Data shown:
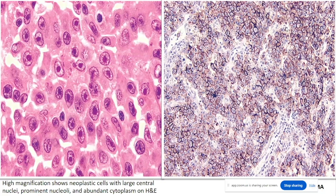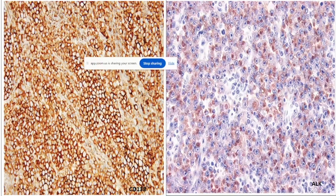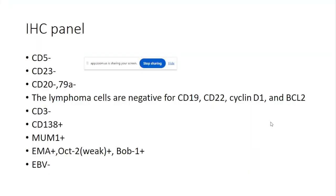A single nucleolus and plasmacytoid appearance can still be seen very clearly. This image shows EMA, which is positive in this case. CD138 is also positive. Someone also performed an ALK stain — let's discuss the interpretation. An IHC panel was done, and I've shown images of some of the markers.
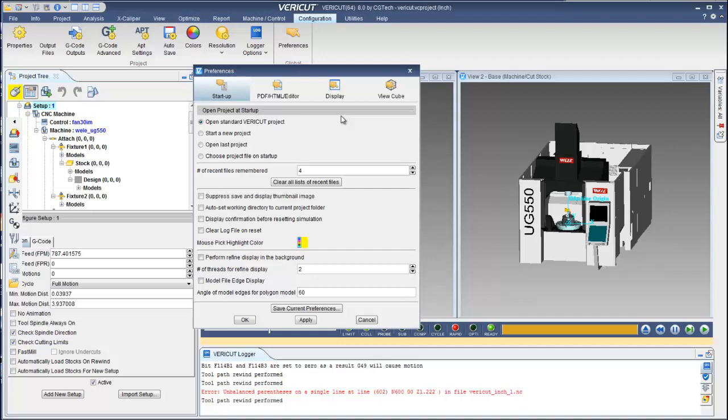The VeriCut Preferences panel enables you to specify preferences like the VeriCut project file that you want to display when you start the next VeriCut session, whether or not to auto-set the working directory.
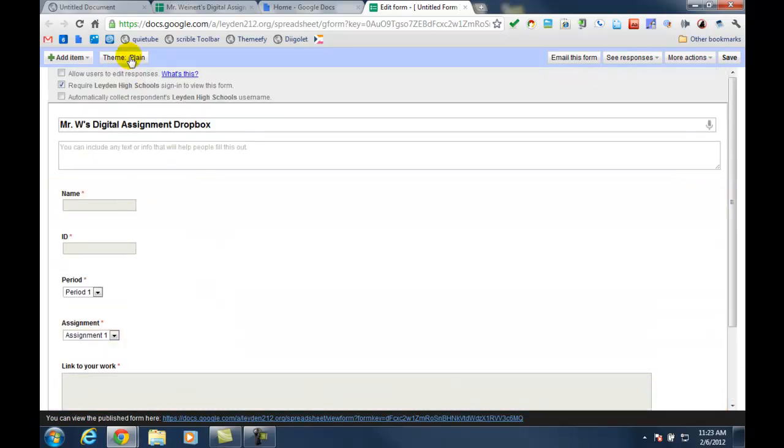And then you can always choose a different theme to make it look a little bit different. But at this point, I'm just going to hit save.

Exercise directions: All of the lines above should be printed exactly, minus the pictures.

Result for this task:
A single nucleolus and plasmacytoid appearance can still be seen very clearly. This image shows EMA, which is positive in this case. CD138 is also positive. Someone also performed an ALK stain — let's discuss the interpretation. An IHC panel was done, and I've shown images of some of the markers.
The VeriCut Preferences panel enables you to specify preferences like the VeriCut project file that you want to display when you start the next VeriCut session, whether or not to auto-set the working directory.
And then you can always choose a different theme to make it look a little bit different. But at this point, I'm just going to hit save.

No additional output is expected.